Thursday, October 1, 2009

Cupcakes, and yet another list.


Last weekend, I stopped by my local cupcake shop, and told the charming girl who works there that she'd see me at least once a week for the next month, because I was moving abroad, in a (most-likely) cupcake-less land. She was excited when I told her about Japan, and she said not to be so sad, because the clothes and fashion would be amazing there. That is, if I can fit into it after binging on baked goods like I intend to for my last month in Montreal.

Most Asian apartments are not equipped with an oven, so no more baking for me, unless I get creative and use the toaster oven. It makes me sad, and here are some things I'll indulge in for the next month:

*Baking as many cupcakes, cakes, cookies, and pies as I can.
*Hopefully sharing them with friends (no need to fatten up, my current size is probably considered overweight for Japan...sigh)
*Eat and cook Mexican food (so difficult/expensive to find in the East)
*Run and enjoy the sights at the mountain
*Entertain my friends at home, with dinner parties
*Go to many concerts (although Japan has a wicked music scene)
*Just enjoy my apartment, my lovely white bed and comforter
*Eat Mac 'n Cheese once a week
*Take in the sights of Montreal, and soak in the culture and French language I won't hear/speak anymore

Sigh. That list makes me sad.
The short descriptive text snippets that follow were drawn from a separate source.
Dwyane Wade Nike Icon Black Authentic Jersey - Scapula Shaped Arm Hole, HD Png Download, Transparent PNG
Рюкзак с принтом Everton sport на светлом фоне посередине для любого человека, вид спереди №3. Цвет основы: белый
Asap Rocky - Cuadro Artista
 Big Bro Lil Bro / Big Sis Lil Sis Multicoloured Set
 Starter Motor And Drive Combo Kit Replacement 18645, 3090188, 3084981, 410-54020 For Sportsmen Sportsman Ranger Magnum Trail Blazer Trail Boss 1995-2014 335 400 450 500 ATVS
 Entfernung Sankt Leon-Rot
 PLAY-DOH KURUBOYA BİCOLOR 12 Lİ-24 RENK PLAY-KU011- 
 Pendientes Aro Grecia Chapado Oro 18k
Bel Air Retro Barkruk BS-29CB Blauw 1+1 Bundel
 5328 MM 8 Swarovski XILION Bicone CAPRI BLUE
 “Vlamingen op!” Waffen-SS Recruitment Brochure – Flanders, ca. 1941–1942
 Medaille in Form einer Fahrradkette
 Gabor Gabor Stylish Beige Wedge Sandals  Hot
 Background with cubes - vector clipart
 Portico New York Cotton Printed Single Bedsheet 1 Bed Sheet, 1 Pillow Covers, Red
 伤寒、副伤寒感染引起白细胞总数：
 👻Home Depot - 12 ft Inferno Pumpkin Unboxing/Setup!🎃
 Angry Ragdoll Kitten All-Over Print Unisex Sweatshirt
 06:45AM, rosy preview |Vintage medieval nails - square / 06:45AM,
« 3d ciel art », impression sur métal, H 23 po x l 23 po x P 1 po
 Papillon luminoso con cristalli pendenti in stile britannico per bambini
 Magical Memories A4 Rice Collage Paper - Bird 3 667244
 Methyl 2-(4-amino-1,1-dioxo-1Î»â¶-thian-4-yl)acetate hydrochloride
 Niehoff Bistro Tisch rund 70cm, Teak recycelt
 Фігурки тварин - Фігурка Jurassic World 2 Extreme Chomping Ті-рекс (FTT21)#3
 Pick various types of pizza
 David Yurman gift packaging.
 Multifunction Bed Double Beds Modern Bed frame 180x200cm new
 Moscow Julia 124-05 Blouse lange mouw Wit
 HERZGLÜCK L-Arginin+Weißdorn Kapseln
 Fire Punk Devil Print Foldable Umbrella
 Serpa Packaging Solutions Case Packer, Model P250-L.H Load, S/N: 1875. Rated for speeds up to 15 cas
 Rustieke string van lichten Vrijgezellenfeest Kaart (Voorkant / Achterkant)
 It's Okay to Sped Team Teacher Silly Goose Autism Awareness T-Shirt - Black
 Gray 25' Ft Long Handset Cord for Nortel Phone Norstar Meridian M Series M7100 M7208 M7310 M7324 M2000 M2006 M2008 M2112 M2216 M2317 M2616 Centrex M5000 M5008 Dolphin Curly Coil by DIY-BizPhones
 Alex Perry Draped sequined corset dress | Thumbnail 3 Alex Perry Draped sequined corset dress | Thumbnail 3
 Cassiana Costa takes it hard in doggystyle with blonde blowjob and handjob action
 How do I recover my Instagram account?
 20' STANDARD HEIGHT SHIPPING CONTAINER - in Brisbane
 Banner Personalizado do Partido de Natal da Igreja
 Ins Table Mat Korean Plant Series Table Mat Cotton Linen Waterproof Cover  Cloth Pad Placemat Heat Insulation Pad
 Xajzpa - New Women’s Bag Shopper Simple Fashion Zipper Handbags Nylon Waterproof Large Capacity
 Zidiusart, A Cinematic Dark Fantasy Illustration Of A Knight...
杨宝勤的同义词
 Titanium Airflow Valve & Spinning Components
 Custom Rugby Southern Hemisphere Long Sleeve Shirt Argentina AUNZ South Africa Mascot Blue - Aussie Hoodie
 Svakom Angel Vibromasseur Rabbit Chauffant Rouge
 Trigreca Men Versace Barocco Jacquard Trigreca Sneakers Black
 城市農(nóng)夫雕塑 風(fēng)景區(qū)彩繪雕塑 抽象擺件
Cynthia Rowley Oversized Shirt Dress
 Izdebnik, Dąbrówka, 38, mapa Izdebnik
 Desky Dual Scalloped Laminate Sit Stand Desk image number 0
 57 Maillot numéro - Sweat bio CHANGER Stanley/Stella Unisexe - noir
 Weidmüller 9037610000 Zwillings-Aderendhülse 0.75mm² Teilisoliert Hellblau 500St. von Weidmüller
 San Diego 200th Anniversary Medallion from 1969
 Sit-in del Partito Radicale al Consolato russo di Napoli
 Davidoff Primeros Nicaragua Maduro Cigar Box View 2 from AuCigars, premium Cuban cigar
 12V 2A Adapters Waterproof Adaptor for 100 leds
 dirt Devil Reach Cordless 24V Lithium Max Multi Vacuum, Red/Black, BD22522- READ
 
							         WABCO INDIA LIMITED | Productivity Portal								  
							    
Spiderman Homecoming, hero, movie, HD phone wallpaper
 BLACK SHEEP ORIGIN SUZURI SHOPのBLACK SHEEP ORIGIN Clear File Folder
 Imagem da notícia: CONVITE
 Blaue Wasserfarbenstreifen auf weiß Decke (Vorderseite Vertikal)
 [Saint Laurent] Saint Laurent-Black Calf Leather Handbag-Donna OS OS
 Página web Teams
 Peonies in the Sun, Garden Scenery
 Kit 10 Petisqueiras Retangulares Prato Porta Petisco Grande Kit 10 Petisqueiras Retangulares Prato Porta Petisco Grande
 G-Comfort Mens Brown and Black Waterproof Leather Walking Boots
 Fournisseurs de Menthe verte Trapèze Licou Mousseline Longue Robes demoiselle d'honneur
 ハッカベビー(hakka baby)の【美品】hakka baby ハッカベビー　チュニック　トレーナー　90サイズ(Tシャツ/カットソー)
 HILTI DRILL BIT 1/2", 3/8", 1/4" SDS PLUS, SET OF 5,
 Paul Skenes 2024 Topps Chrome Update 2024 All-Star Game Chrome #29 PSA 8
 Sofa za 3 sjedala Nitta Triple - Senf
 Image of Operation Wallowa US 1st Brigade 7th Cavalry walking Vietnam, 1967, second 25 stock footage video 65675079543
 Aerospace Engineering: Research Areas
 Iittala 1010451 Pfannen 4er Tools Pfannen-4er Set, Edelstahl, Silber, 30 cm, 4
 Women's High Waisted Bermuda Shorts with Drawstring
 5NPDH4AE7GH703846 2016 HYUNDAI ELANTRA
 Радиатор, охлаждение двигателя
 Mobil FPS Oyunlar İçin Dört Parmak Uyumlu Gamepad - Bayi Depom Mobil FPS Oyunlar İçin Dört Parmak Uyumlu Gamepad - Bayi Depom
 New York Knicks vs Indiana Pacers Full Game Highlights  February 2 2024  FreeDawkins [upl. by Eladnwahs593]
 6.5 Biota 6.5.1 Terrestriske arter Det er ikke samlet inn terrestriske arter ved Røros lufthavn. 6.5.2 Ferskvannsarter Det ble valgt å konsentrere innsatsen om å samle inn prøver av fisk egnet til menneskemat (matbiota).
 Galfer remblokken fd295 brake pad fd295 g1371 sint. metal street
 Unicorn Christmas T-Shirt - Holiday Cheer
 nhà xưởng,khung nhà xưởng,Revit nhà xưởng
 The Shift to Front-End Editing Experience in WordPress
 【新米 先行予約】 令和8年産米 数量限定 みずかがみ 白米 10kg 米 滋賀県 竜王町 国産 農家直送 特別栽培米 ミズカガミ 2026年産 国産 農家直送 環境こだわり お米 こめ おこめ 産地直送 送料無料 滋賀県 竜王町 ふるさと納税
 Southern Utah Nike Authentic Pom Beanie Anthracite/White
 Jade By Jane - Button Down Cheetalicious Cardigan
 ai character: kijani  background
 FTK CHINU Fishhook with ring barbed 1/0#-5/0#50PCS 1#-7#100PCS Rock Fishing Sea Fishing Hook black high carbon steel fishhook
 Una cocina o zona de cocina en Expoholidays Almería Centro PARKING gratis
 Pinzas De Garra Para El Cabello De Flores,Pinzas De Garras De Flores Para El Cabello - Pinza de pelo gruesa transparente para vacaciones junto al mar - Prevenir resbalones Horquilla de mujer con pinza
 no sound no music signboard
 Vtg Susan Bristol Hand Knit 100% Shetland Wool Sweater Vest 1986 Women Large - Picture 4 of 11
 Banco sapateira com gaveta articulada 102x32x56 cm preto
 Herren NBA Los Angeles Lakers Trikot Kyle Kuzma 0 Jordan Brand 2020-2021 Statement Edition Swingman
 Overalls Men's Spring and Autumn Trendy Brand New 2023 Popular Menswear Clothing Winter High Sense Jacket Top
But I'll come up with a list of exciting things to look forward to in Japan, and I promise it will be even longer.

Note: After reading my cupcakes whining, a friend who's already in Japan confirmed that yes, there are cupcakes in Japan. I'll be definitely looking for Fujiya. And Mina already told me that desserts in Japan can be quite decadent. Phew.

{I realize this post makes me sound like a complete pig, too. I can live with that.}

Pop Montreal


{Daehyun and I playing and singing some Neutral Milk Hotel. We even made a video, which I'm too embarrassed to post.}

October in Montreal brings the cold weather (seriously, I'm wearing mittens today), but it also rhymes with Pop Montreal, a music festival that takes place in different venues all over the city. It usually brings little-known artists from all over the world, and a few big names. My early morning work schedule does not really allow me to party all night long, but here are some highlights I'm excited to see:

My friend Daehyun, who came all the way from Seoul (via London) to play the festival

Think About Life, an upbeat local Montreal band who are so much fun to watch live

Kid Koala, a kindergarten teacher turned DJ

Teenage Jesus + The Jerks, the only reason I care about them is because Thurston Moore from Sonic Youth is in that band!

The coolest import from Sweden, Fever Ray

May I get on the guest list?? Aw, thanks, Pop!